Penggambaran kesenian yang temukan dalam novel Rinai Kabut Singgalang ialah seni bela diri. Hal itu tergambar pada tokoh pemuda Minang di Kajai yang hendak mengambil pisau dari tangan Mak Syafri yang sedang mengamuk di pasar. Mak Syafri mencoba mencelakakan orang yang ada di pasar dengan pisaunya, untunglah ada beberapa pemuda yang pandai silat dapat melumpuhkannya. Setiap pemuda Minang dibekali seni bela diri yang diwariskan secara turun temurun dari generasi ke generasi.

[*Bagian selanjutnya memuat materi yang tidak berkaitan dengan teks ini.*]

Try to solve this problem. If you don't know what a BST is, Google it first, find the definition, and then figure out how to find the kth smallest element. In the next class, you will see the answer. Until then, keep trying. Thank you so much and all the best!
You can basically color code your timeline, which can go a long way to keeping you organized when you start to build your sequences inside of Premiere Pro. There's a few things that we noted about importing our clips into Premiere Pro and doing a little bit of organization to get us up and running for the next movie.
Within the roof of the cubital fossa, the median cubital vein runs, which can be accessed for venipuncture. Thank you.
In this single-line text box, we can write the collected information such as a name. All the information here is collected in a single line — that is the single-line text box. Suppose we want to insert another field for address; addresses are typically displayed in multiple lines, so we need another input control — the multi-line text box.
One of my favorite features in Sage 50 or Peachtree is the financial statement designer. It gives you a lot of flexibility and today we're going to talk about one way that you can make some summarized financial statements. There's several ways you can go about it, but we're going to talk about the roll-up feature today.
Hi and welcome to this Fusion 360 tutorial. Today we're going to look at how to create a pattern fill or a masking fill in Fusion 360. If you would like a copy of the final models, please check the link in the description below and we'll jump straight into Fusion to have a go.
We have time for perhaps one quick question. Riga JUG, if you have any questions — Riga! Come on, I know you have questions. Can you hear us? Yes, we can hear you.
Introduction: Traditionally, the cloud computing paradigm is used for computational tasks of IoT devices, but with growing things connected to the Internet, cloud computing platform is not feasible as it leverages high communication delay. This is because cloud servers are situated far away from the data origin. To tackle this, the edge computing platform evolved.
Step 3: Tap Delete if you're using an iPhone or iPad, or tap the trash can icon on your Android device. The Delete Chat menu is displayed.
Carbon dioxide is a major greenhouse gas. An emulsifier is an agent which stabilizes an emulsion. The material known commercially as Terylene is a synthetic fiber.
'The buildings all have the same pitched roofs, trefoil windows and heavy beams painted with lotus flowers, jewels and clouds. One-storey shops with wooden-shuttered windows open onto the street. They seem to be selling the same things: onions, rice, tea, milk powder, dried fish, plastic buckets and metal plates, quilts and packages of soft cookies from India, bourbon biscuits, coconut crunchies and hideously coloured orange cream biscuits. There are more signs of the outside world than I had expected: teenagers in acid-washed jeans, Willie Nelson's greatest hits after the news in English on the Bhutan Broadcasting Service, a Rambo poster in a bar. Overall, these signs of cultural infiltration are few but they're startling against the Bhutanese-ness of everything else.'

Silat atau yang biasa disebut Silek dalam bahasa Minangkabau mempunyai dua tujuan yaitu ilmu bela diri menghadapi serangan musuh dan sebagai pertahanan negeri. Hal ini didasari keadaan Minangkabau yang pada masa dahulu merupakan daerah subur penghasil rempah-rempah dan mengundang kedatangan pihak lain untuk menguasainya. Seni bela diri ini diajarkan oleh guru silat terlatih dan biasanya diajarkan di tanah lapang atau pelataran surau.
Selain itu, seni yang berkembang dalam masyarakat Minangkabau adalah seni sastra. Seni sastra menjadi bentuk seni yang paling menonjol. Seni sastra tersebut sering juga diungkapkan secara lisan atau sering juga disebut sebagai sastra lisan, seperti kaba (cerita), syair, pepatah, dan pantun. Banyak sastrawan dan penyair terkenal asalnya dari Minangkabau, seperti, Taufiq Ismail, A.A Navis, dsb. Memang Minangkabau sebagai ranah yang banyak melahirkan penulis-penulis hebat .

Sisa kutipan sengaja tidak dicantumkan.